Cette position, qui s'applique bien évidemment à l'ensemble des pouvoirs adjudicataires, est critiquable. Mais elle a le mérite d'accorder un peu de temps pour lancer ce type de marchés. Au fait, c'est quand la libéralisation complète ? Probablement le 1er juillet 2007, date qui, selon les directives 2003/54 et 2003/55, organise l'ouverture a la concurrence pour l'ensemble des clients.
La réunion de la commission mixte paritaire est prévue pour le 20 juillet 2004 devrai donc entériner cette disposition.
A noter dans la revue d'actualité, un large panel des condamnations des pratiques anticoncurrentielles et pour la première fois leur implication en matière d'indemnisation du maître d'ouvrage public, de même que la reconnaissance (sous réserve) de l'utilisation des bordeaux de prix unitaires avec rabais-majoration.

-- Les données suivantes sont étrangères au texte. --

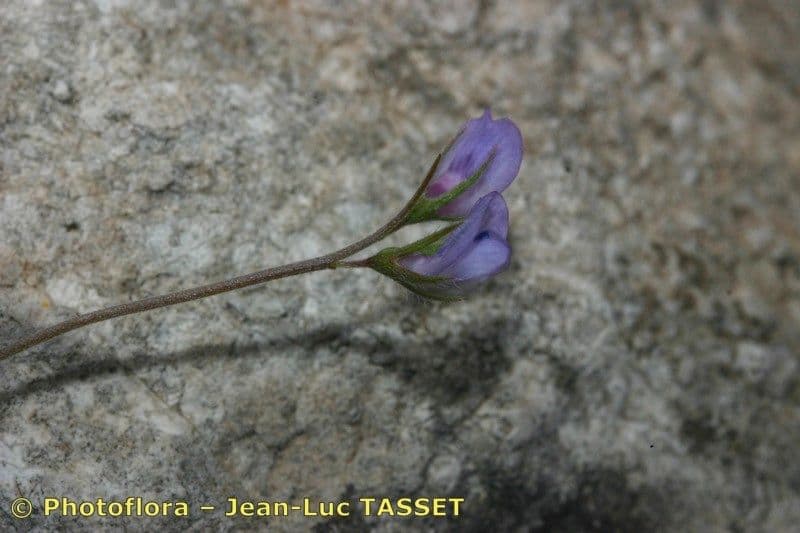 Vesce lenticulaire 7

De même, vous pourrez vous délecter du délice des méandres des dispositions du code général des collectivités territoriales. Dans la revue du mois dernier, vous avez pu lire que le Conseil d'Etat s'était attaché à ne pas leur rendre applicable le régime de délégation du maire. Aujourd'hui vous pourrez constater que la Cour administrative de Bordeaux ne leur rend pas applicables les dispositions relatives aux voyages d'études, mais ce qui est plus gênant, la prise en charge des missions spéciales des élus. Nous gouvernement qui proclame la simplification des textes, devrait penser à mener un grand re-toilettage du CGCT. Par ailleurs, vous constaterez qu'une circulaire a validé les incidences de l’arrêt de la cour administrative d’appel de Lyon du 5 décembre 2002 qui exige une délibération finale pour approuver le marché. Dur de travailler d'administration territoriale !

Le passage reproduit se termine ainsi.